La tension était palpable samedi à Ferguson, dans le centre des États-Unis, avant la décision d'un grand jury sur l'opportunité de juger un policier blanc ayant tué un adolescent noir cet été, qui était attendue avant la fin du mois de novembre.

Le président Barack Obama a demandé vendredi aux habitants de «manifester pacifiquement».

Le gouverneur du Missouri a décrété lundi l'état d'urgence et activé la Garde nationale, et le FBI a renforcé ses équipes sur place avec une centaine d'agents supplémentaires.

Avec un objectif: éviter que les manifestations ne dégénèrent en émeutes comme ce plusieurs fois le cas en août après la mort de Michael Brown, 18 ans, tué en plein jour d'au moins six balles par Darren Wilson, 28 ans, alors qu'il n'était pas armé.

Le père du jeune homme, Michael Brown Sr, a distribué samedi matin plus de 60 dindes - dégustées traditionnellement pour Thanksgiving, jeudi prochain -et des boîtes de conserve dans le quartier où son fils a été tué le 9 août, pour tenter d'apaiser les tensions en amont de la décision.

Le grand jury n'avait toujours pas achevé ses travaux, et il ne devrait pas se réunir à nouveau avant lundi, selon la chaîne américaine CNN samedi, citant des responsables locaux et fédéraux non identifiés.

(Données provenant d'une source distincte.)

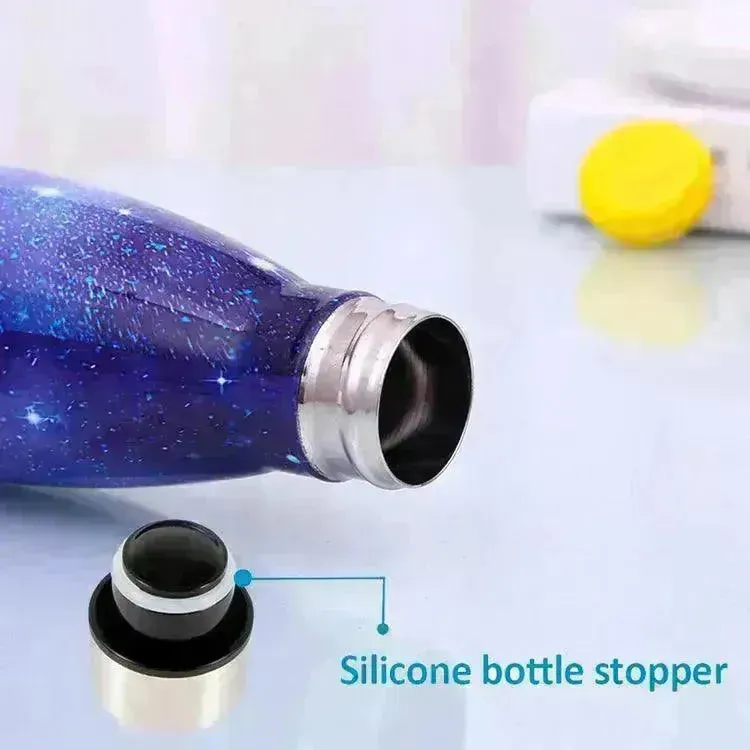 Galaxy Cola Metal Water Bottle (500 ml)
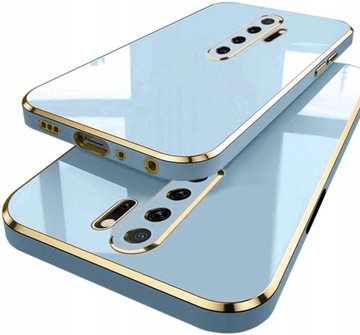 ETUI GLAMOUR DO XIAOMI REDMI NOTE 8 PRO +SZKŁO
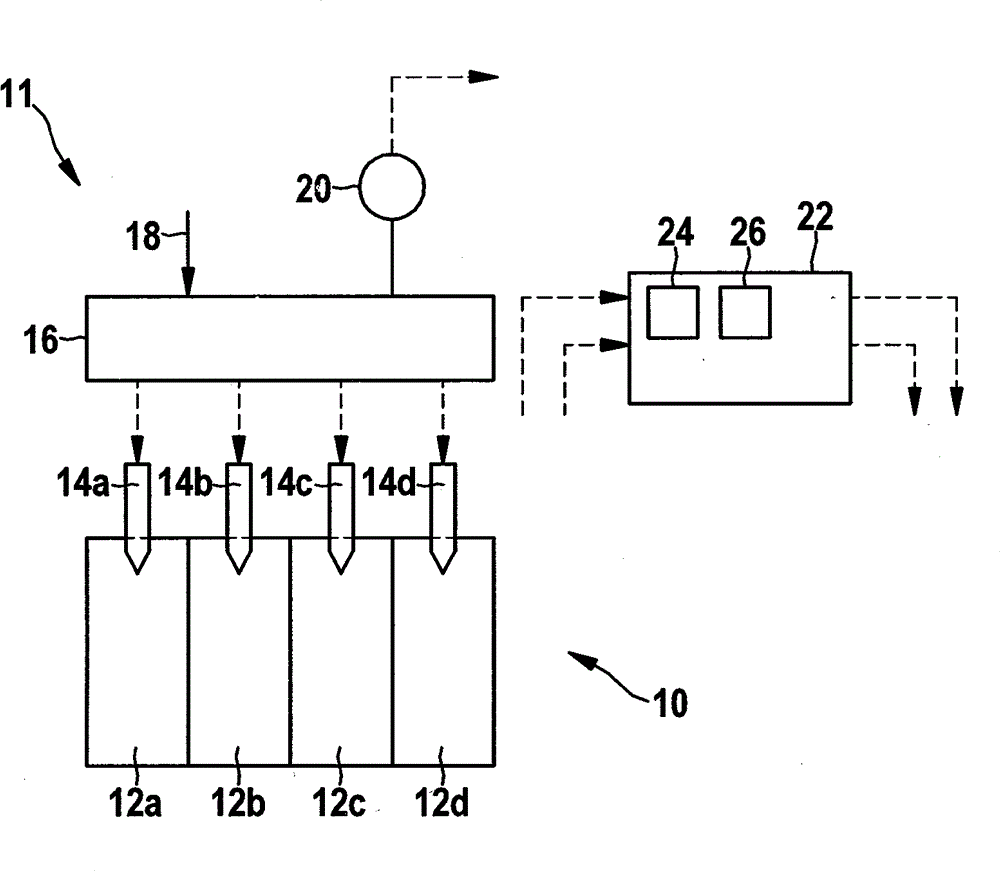 Method for detecting an error in the opening behavior of an injector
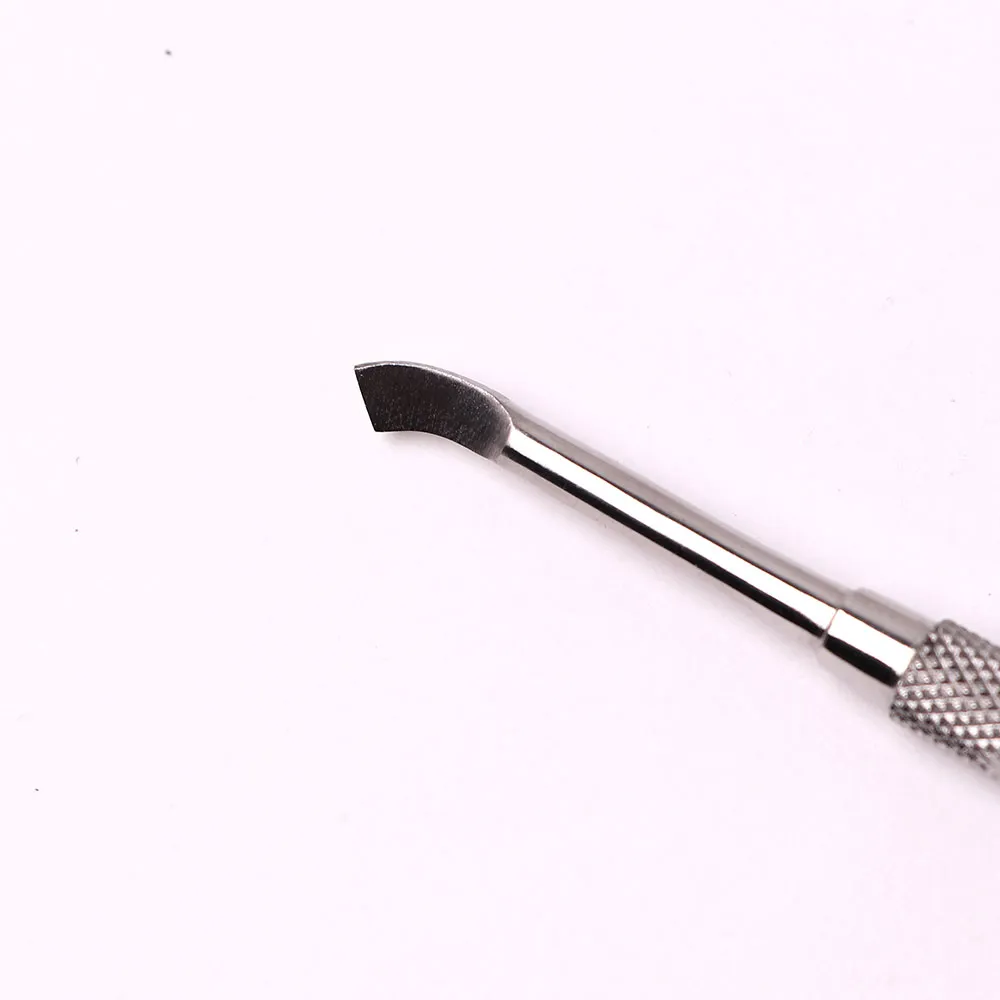 Komilfo Pusher M spingi cuticole con curette in astuccio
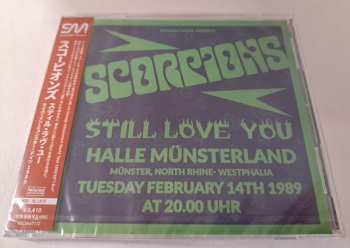 2CD Scorpions: Still Love You - Halle Münsterland LTD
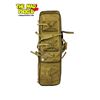 Image 1 : Soft Gun Bag Coyote Tan Lots of Storage and Shoulder Strap 3' Long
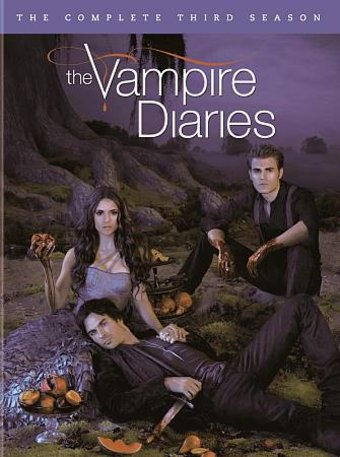 Vampire Diaries - Complete 3rd Season (5-DVD)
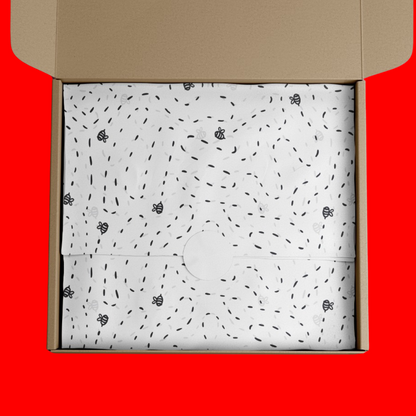 Papel China Abejas 100 Pz 50x37.5cm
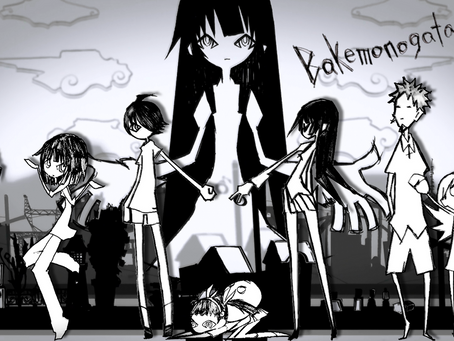 La excelencia en estado puro. Monogatari series(1)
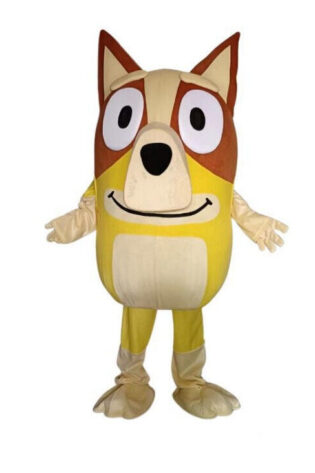 Bingo (bluey) Mascot Costume for Hire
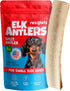 Split Elk Antler for Small Dogs- Grade A Long Lasting Chew for Aggressive Chewers - Elk Antlers Dog Antler Chews - Real, Organic Treats & Toys - N...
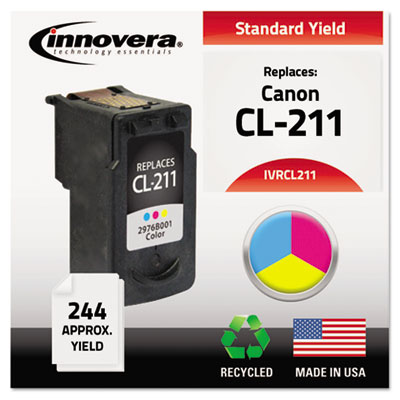 Innovera&reg; CL211, PG210 Ink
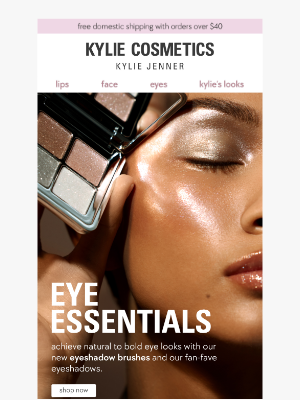 Kylie Cosmetics - must-have eye essentials ✨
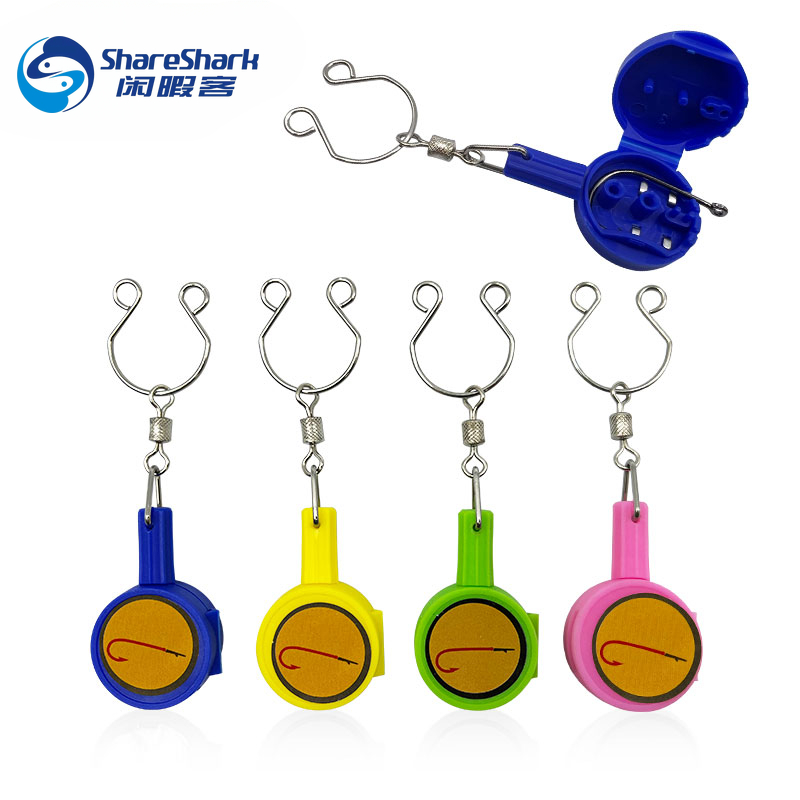 Fishing Quest - Two Pcs Fast Knot Tying Tool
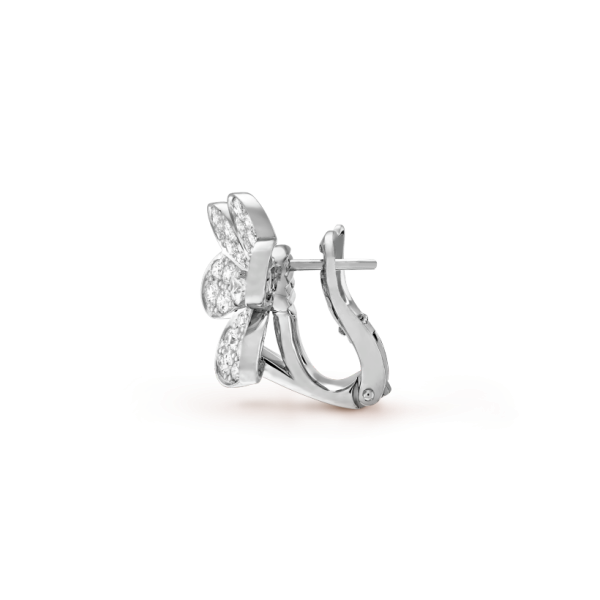 Van Cleef & Arpels Frivole earrings, small model - Image 4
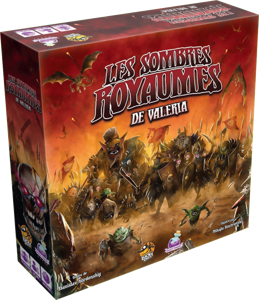 Les Sombres Royaumes De Valeria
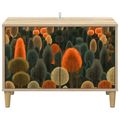 vidaXL TV skrinka ZAANDAM 69 x 33 x 50 cm Sonoma Kompozitné drevo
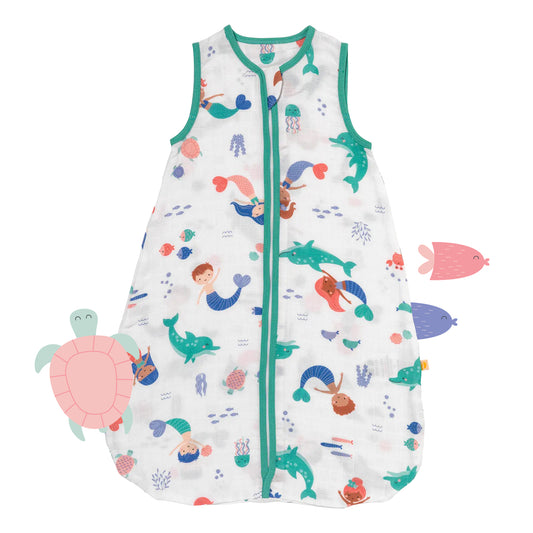 Musselin Babyschlafsack, 0.5 TOG
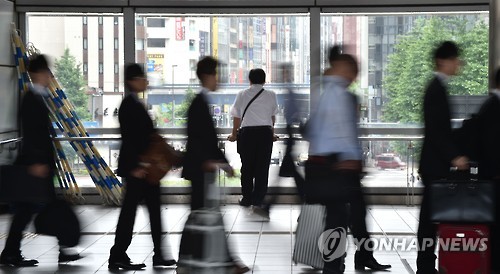 일본 2분기 단칸 대기업 업황지수 6…전망치 상회
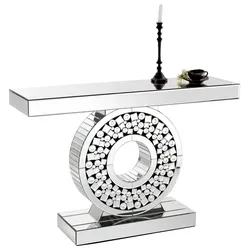 XORA Konsolentisch RADIUS - B/H/T ca. 120.00x80.00x35.50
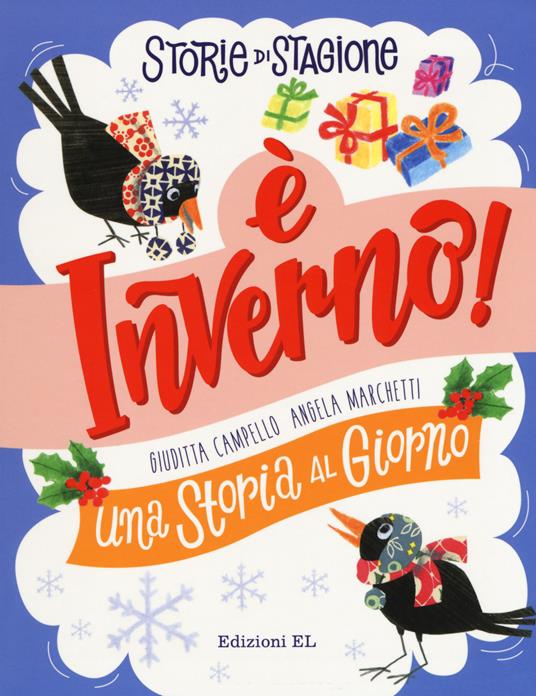 È inverno! Una storia al giorno - Giuditta Campello - copertina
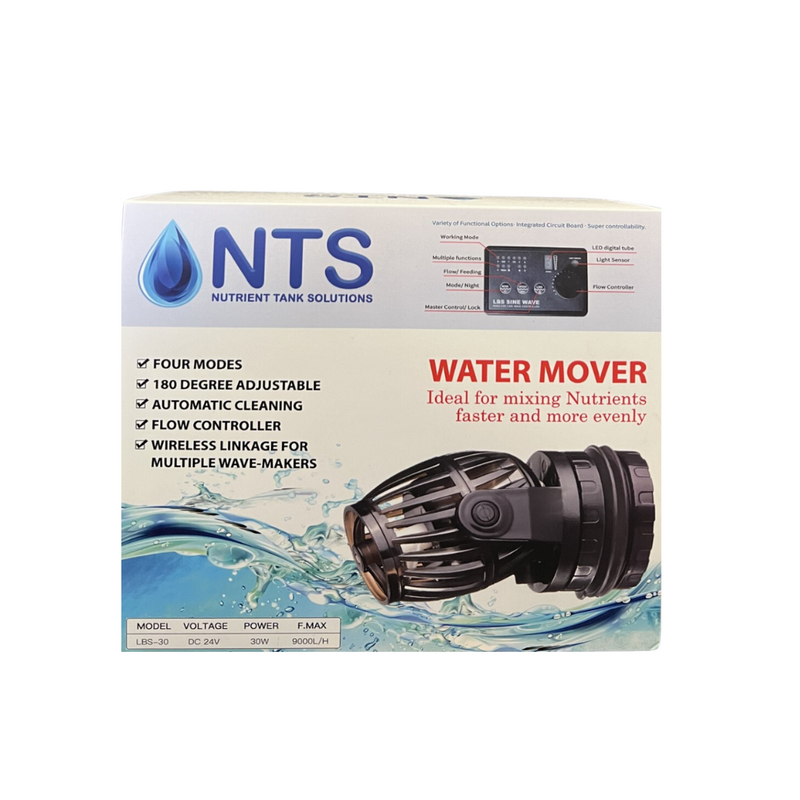 Nutrient Mixing Water Mover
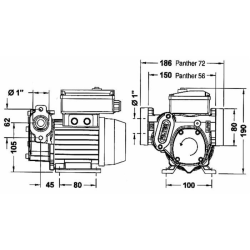 ELETTROPOMPA 400V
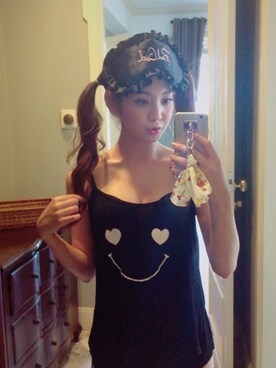 「アイテム（アンダーウェア）」を使った、chuutaiwanさん（レディース・164cm・20代）の夏コーディネート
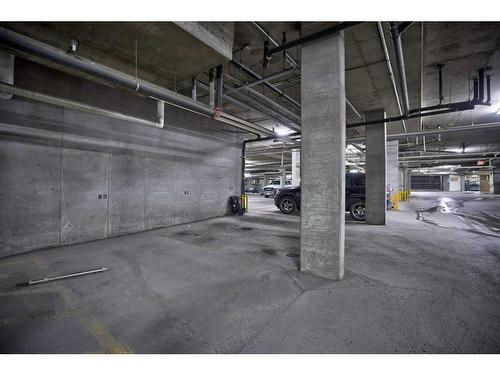 231-22 Richard Place Sw, Calgary, AB - Indoor Photo Showing Garage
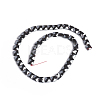 Non-magnetic Synthetic Hematite Beads Strands G-I273-08-2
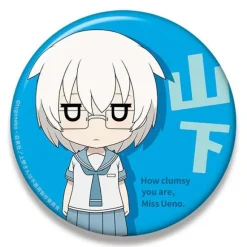 Ueno-san wa Bukiyo: Nendoroid Plus Big Can Badge Yamashita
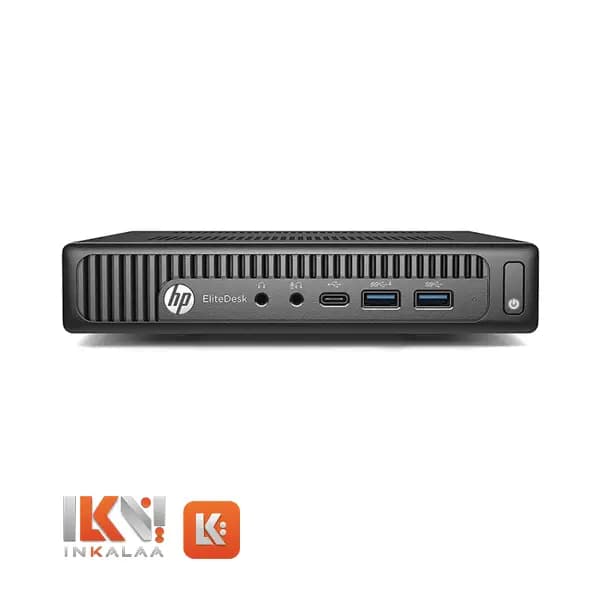 تاینی کیس استوک HP مدل EliteDesk 600/800 G2 Tiny پردازنده Intel Core i7-6700T حافظه DDR4 8GB هارد 256GB — تصویر ۴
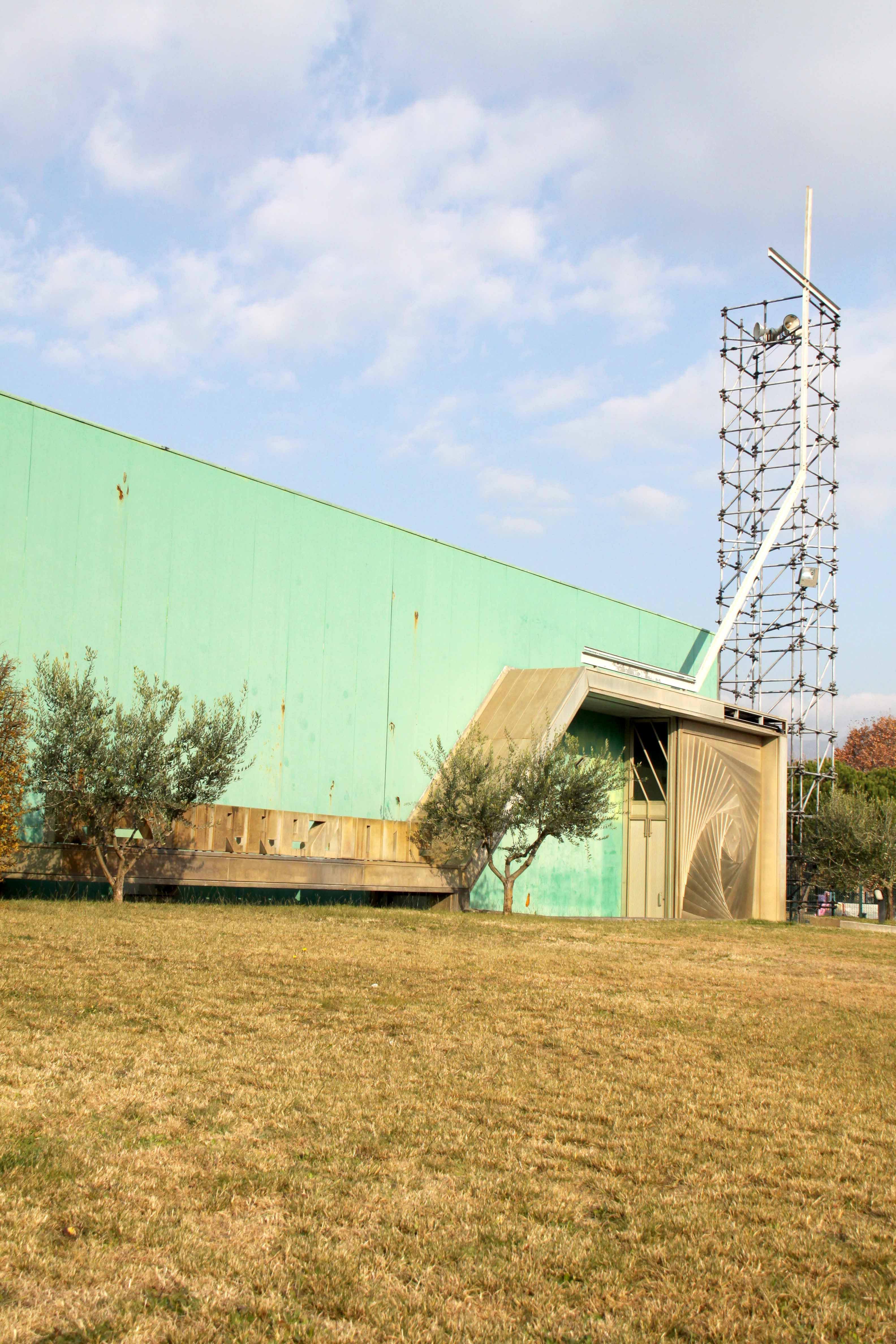 La chiesa della Resurrezione al Varignano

«Je voulais m'assurer que tout le monde passe un bon Thanksgiving», a déclaré à l'AFP Michael Brown Sr, vêtu d'un t-shirt à l'effigie de son fils accompagnée de la phrase «parti trop tôt». «C'est douloureux pour tout le monde, en particulier pour cette communauté».

Appels à la retenue 

Vendredi, il avait lancé un appel à la retenue dans un message vidéo sur internet.

«Blesser autrui ou détruire des biens n'est pas la solution», avait-il indiqué. «Peu importe ce que le grand jury va décider, je ne veux pas que la mort de mon fils soit vaine».

La mort du jeune homme avait déclenché plusieurs jours de manifestations parfois jalonnées de violences, sur fond de racisme dans cette bourgade où 67% de la population est noire mais où les édiles et les policiers sont quasiment tous blancs. Un couvre-feu avait même été imposé.

Quelques manifestants ont bravé le froid mordant vendredi soir dans cette ville de 21 000 habitants pour réclamer que Darren Wilson soit poursuivi en justice.

Aux États-Unis, un grand jury se réunit à huis clos pour déterminer s'il y a lieu ou non de poursuivre. Dans le cas présent, il peut inculper le policier qui pourrait par conséquent être jugé, ou décider qu'il n'y a pas lieu de le poursuivre.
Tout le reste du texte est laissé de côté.